A newer version of the Gradio SDK is available: 6.14.0
RAG Retrieval Strategy Comparison
Implemented strategies
Similarity (cosine)
Standard top-k retrieval by embedding cosine similarity. Chroma returns the k nearest chunks to the query embedding. No diversity adjustment.MMR (Max Marginal Relevance)
Balances relevance and diversity: after selecting the top chunk, we iteratively choose the next chunk that maximizesλ * relevance(chunk, query) - (1 - λ) * max_similarity(chunk, already_selected).
Here we use a simplified MMR that approximates inter-chunk similarity from metadata (same source vs different source) and uses Chroma’s distance for relevance.MMR_LAMBDA(default 0.7) controls the trade-off: 1.0 ≈ pure similarity, 0 ≈ maximum diversity.
What changed in retrieved docs
- Similarity: Tends to return several very similar chunks (e.g. same section or same source repeated), which can make the answer repetitive and over-anchored to one part of the corpus.
- MMR: Favors spreading across different sources/sections, so the model sees more varied context and is less likely to over-cite one document. You may see more distinct source names in citations.
Speed differences
- Retrieval time: Similarity is a single Chroma query. MMR does one Chroma query (with a larger n_results) then a small Python loop to select k chunks; the extra work is negligible (milliseconds).

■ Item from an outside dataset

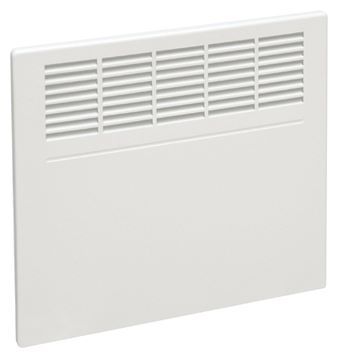 Отзывы Noirot CNV-2 1500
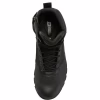 Ботинки Belleville Spear Point 8" WP Lightweight Side-zip Black 8.5 (BV918Z WP 085R) - Image 6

So retrieval time is effectively the same.
- Generation time: Unchanged by strategy; it depends on context length and model. MMR can slightly reduce redundancy in the context, which might marginally affect length and thus generation time.
Timing in the app
After each assistant reply, the UI shows:
- Retrieval: X.XXs – time from query to having the list of chunks.
- Generation: X.XXs – time for the LLM to produce the answer.

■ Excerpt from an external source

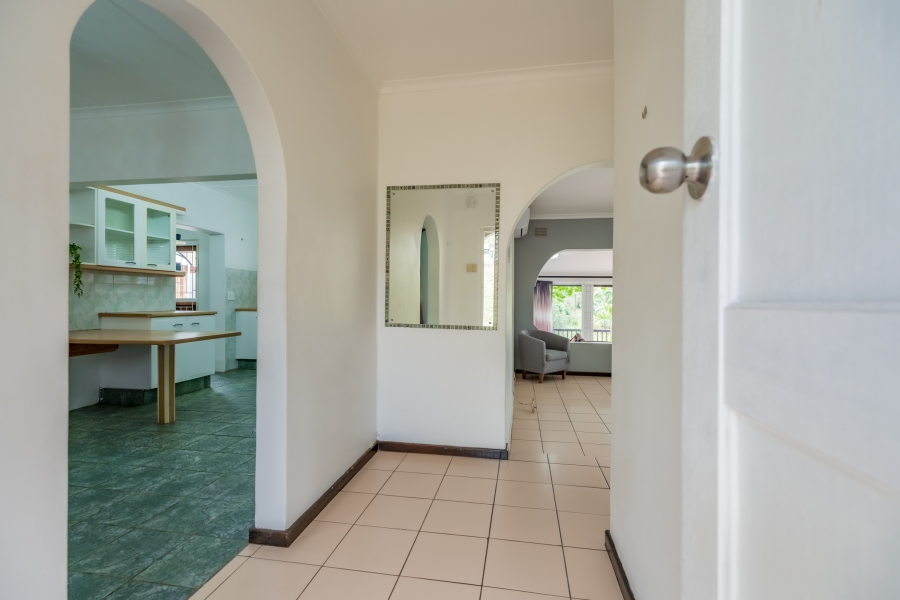 4 Bedroom Property for Sale in Westville Central KwaZulu-Natal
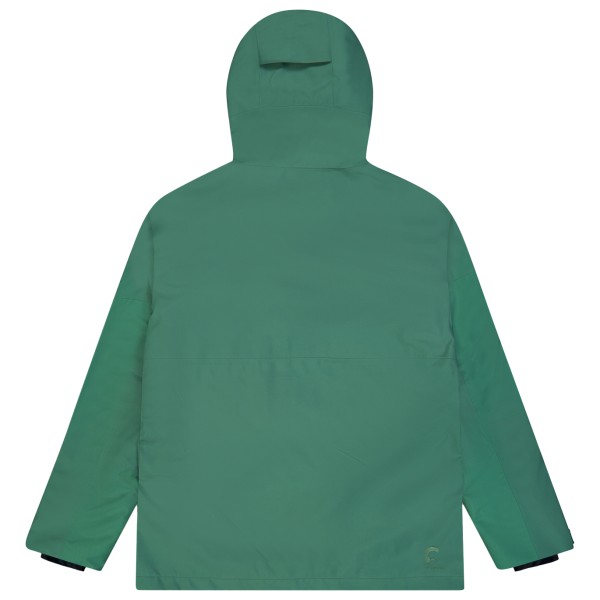 Picture - Orosi Jacket - Chaqueta de esquí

These values are logged (e.g. in /data/logs/app.log) for comparison across runs.
Which performed best and why
- Similarity is best when the user’s question is very focused and the answer is expected to come from one or two passages. It’s also the fastest in principle (one query, no post-processing).
- MMR is best when the question is broad (“summarize all sources”, “compare X and Y”) or when you want to avoid over-citing one document. It improves perceived quality when the corpus has multiple relevant documents that should all contribute.
Recommendation: use similarity for short, factual questions; use MMR for synthesis and multi-document comparison. The timing approach (logging retrieval + generation and displaying them in the UI) lets you compare strategies on your own data and choose accordingly.